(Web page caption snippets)

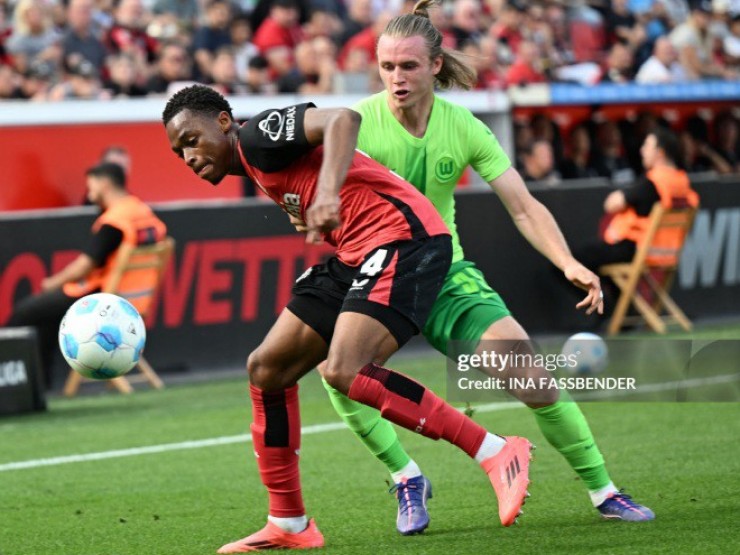 Video bóng đá Leverkusen - Wolfsburg: Thẻ đỏ và “đại tiệc“ bàn thắng (Bundesliga)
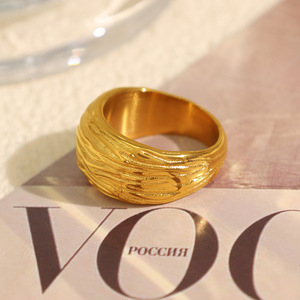 Anillos de Joyería Laminados en Oro Cepillado, Diseño Italiano Hipoalergénico, Resistente al Agua, Retro, Simple, <span class=keywords><strong>con</strong></span> Textura de Nicho, para Mujer - Product Image 4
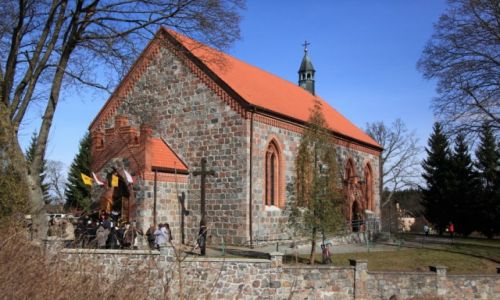 Zdjcie POLSKA / Pomorze, Kaszuby / Sulczyno / Koci w. Trjcy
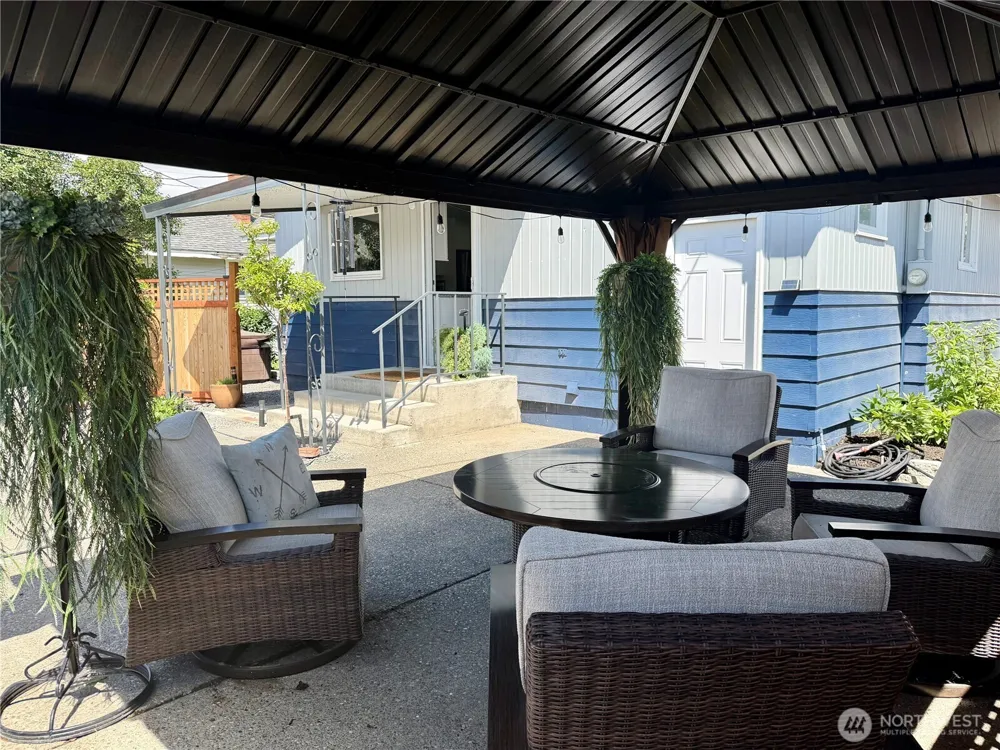 104 E 1st Avenue Odessa, WA 99159
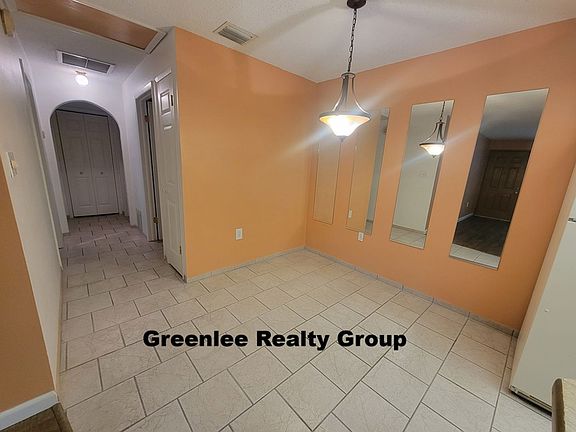 5th image of 6141 Chesham Dr APT 8
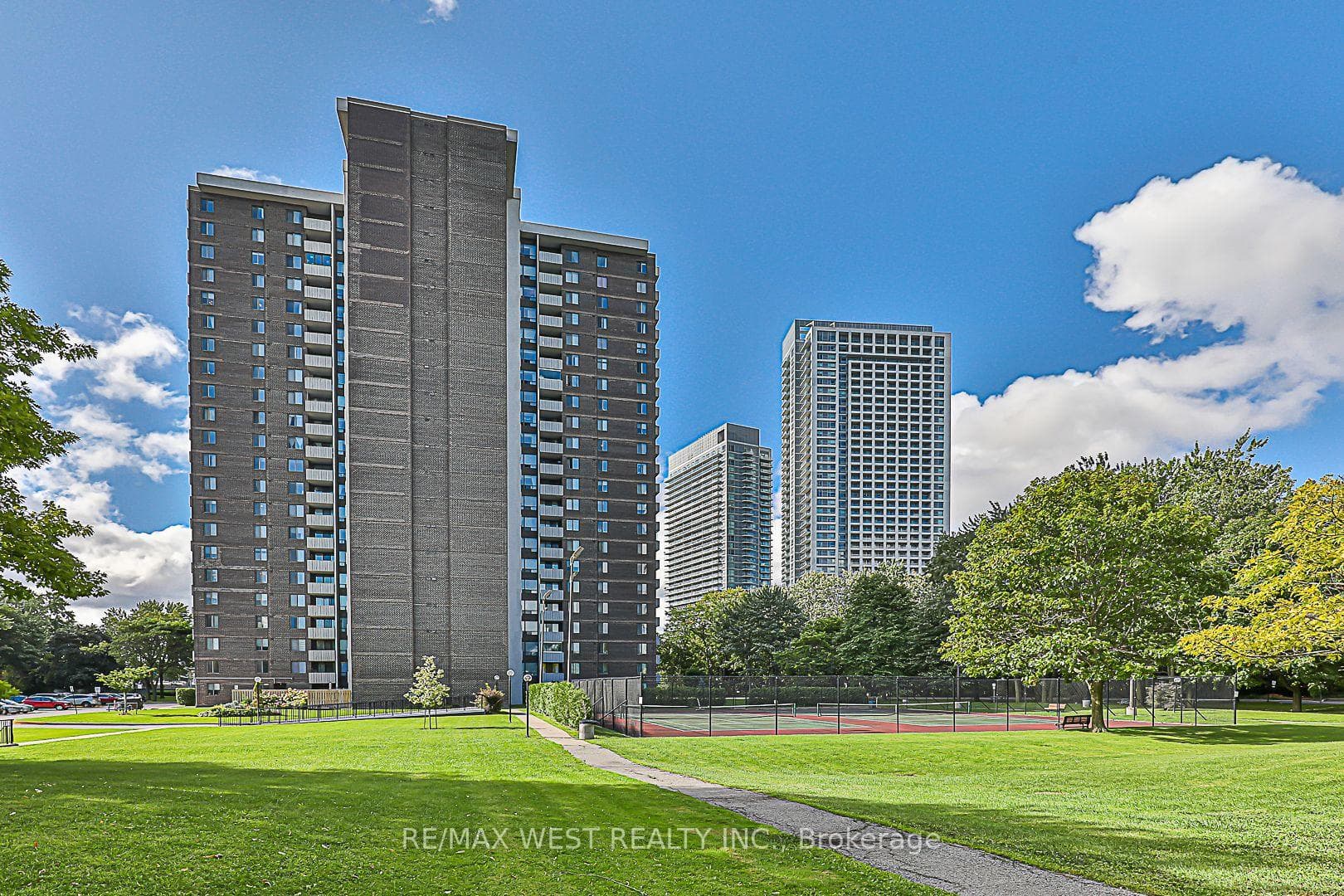 1900 Sheppard Avenue Unit 1809 photo 23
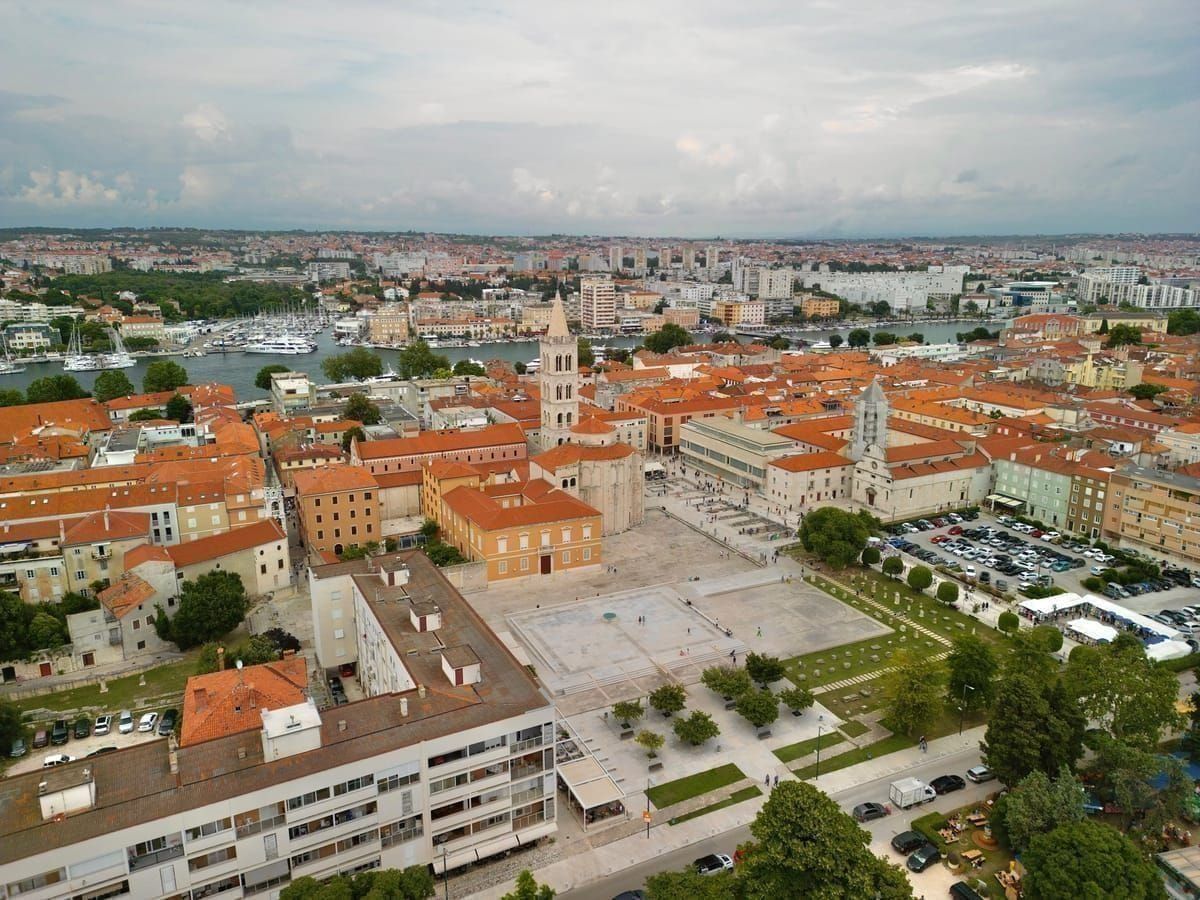 Shuttlebus am Flughafen Zadar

__EXERCISE AIM__: Pictures excluded, repeat the records exactly from their opening line through the line containing "Anillos de Joyería".

__EXERCISE SOLUTION__:
 Video bóng đá Leverkusen - Wolfsburg: Thẻ đỏ và “đại tiệc“ bàn thắng (Bundesliga)
 Anillos de Joyería Laminados en Oro Cepillado, Diseño Italiano Hipoalergénico, Resistente al Agua, Retro, Simple, <span class=keywords><strong>con</strong></span> Textura de Nicho, para Mujer - Product Image 4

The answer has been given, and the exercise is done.